Weil das so ist, möchte ich bei aller Übereinstimmung eine Meinung aus einem anderen, meinem (psychologischen, nicht sozialen) Bezugssystem äußern: „bedingungslose Liebe“ und „Würde“ verstehe ich anders.
Bedingungslose Liebe gibt es aus meiner Sicht nicht, den meine Liebe ist an meine Bedingungen geknüpft. Meine Bedingungen sind meine Bedürfnisse. Wenn ich Vater/Mutter bin, tue ich mich leicht, alles zu akzeptieren, was mein Kind mit mir macht, denn ich will aufgrund meiner assoziierten Bedürfnisse Vater/Mutter bleiben.

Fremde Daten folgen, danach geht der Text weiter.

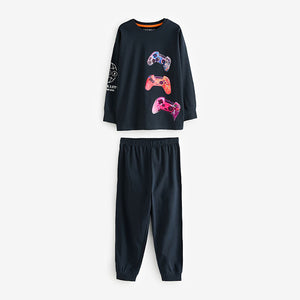 Black/Pink Game Controller 2 Pack Long Sleeve Pyjamas (6-12yrs)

Beim Partner wird es schon schwieriger! Bedingungslose Liebe würde in einer partnerschaftlichen Beziehung bedeuten, dass ich bestimmte assoziierte Bedürfnisse verrate, um die Beziehung und damit die Liebe aufrecht zu erhalten. Dazu bin ich nur bedingt bereit. Sind die verratenen Bedürfnisse nicht existenziell, dann soll mein Partner wissen, dass die Erhaltung der Beziehung die Form von Liebe ist, die diesen Verrat kompensiert. Sind die verratenen Bedürfnisse existenziell, dann werde ich einen Teufel tun, bedingungslos zu lieben! Ich werde mich also nur in den Bedürfnissen anpassen, die ich für richtig halte. Und damit sind wir bei meinem Begriff der „Würde“ angelangt: Würde gibt es für mich in der beschrieben Form gar nicht. Ich verstehe Würde eher als etwas, was dem Selbstwert entspricht. Der Respekt des Wertes meines Gegenüber und der Respekt meiner Selbst (also Selbstwert) ist eine Grundvoraussetzung für eine liebevolles Miteinander: Eva würde es vielleicht mit sozialer Kompetenz bezeichnen. Klingt kopflastig, ich weiß, aber meine Gefühle sollten an anderer Stelle diskutiert werden, wenn nötig…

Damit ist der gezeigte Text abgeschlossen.